Why CEO Tenure Varies: Are You at Risk
Although the length of CEO tenure varies (based on many different circumstances), it seems that there may actually be a [...]
June 3 2011 by ChiefExecutive.net
Although the length of CEO tenure varies (based on many different circumstances), it seems that there may actually be a way to predict how long a leader will stay in the C-suite. Booz & Co. has compiled information from public company CEOs in order to determine what factors contribute to a long CEO tenure and what factors might force a CEO’s tenure to be shorter-lived.
The study divided companies into four types: holding companies, strategic management companies, active management companies, and operationally involved companies. These categories go from the least involved CEO (holding company) to the most involved/hands-on CEO (operationally involved company). The study also examined CEOs who were internal and external hires.

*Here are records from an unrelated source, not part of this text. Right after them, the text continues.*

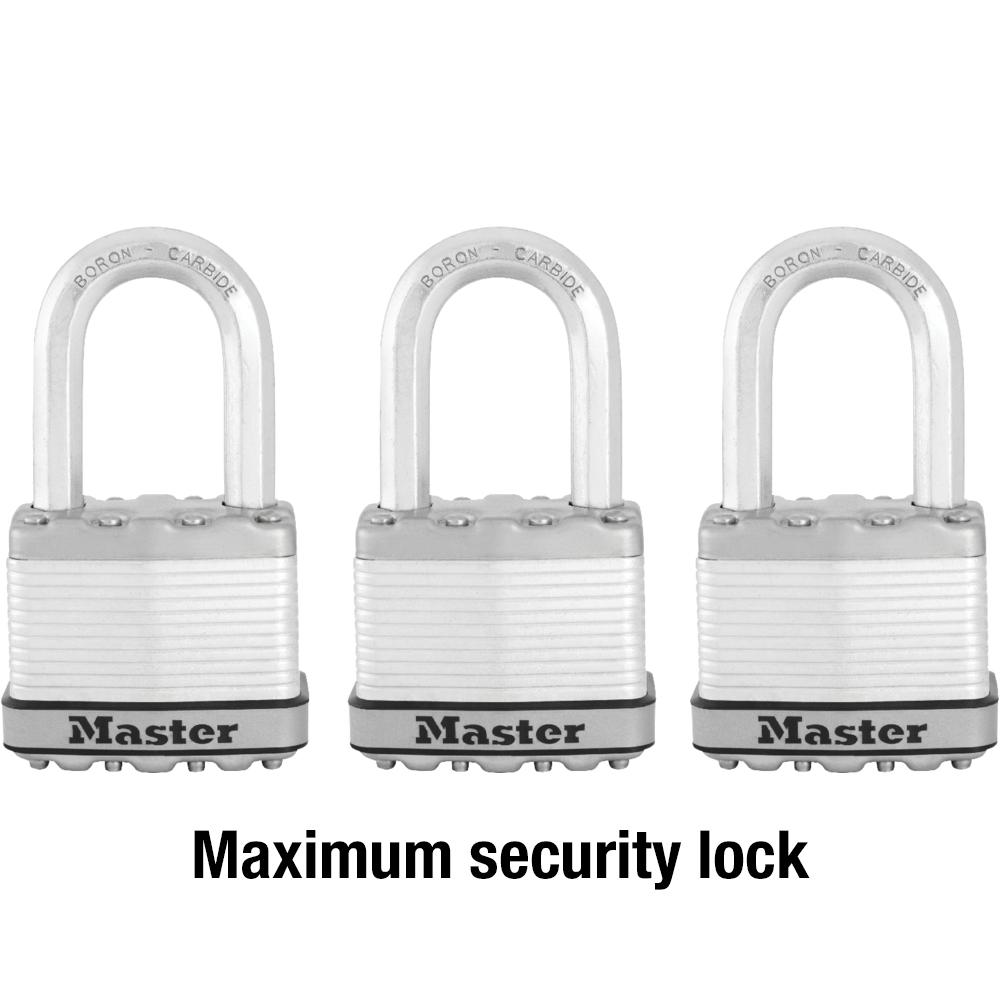 padlock security cover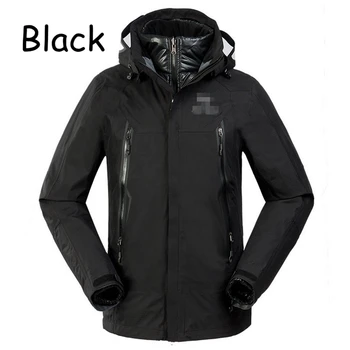 

Army Tactical jacket men's hooded waterproof tactics fleece jacket winter warm army fan jacket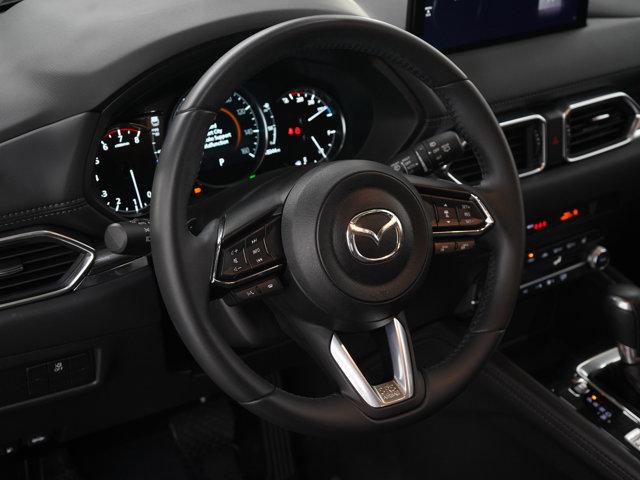 used 2023 Mazda CX-5 car, priced at $27,699
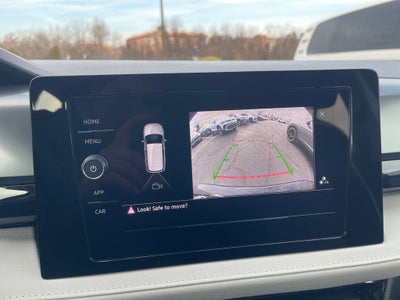 2025 Volkswagen Taos 1.5T S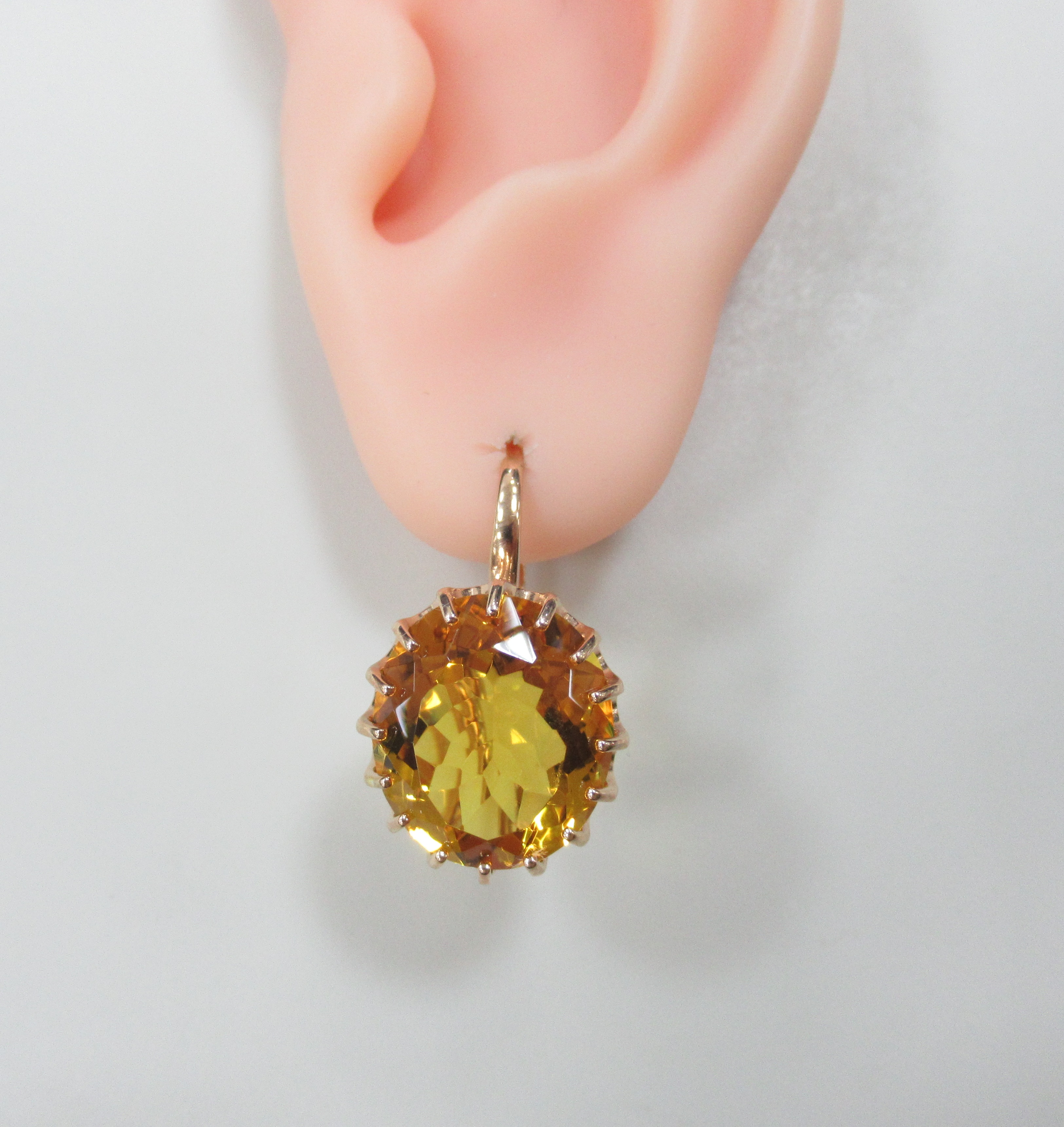 10522-004834 Серьги (Ag 925)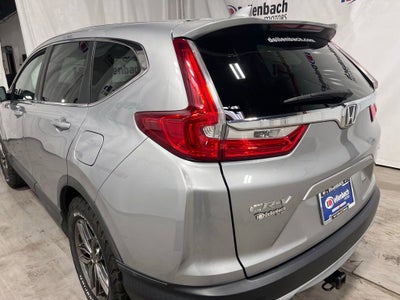 2017 Honda CR-V EX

Holding company CEOs had the longest tenure, with 6.3 years for inside hires (the study did not include outside hires in holding companies). For both internal and external hires, the next longest tenure was CEOs of strategic management companies (with 5.5 years for internal hires and 4.5 years for external hires), followed by active management (with 5 years for internal hires and 4 years for external hires), and finally operationally involved companies (with 5 years for internal hires and 3.3 years for external hires).
So, the conclusion is that being an internal higher for any of these company types should mean a longer tenure than any external hire. And, the more hands-on the CEO, the shorter the tenure. The longest tenure goes to internal hires of holding companies and the shortest tenure (by far) goes to external hires in operationally involved companies. They do point out, however, that operationally involved CEOs are more likely to be the chairman of the board and that CEO/board power struggles may account for the brevity of tenure.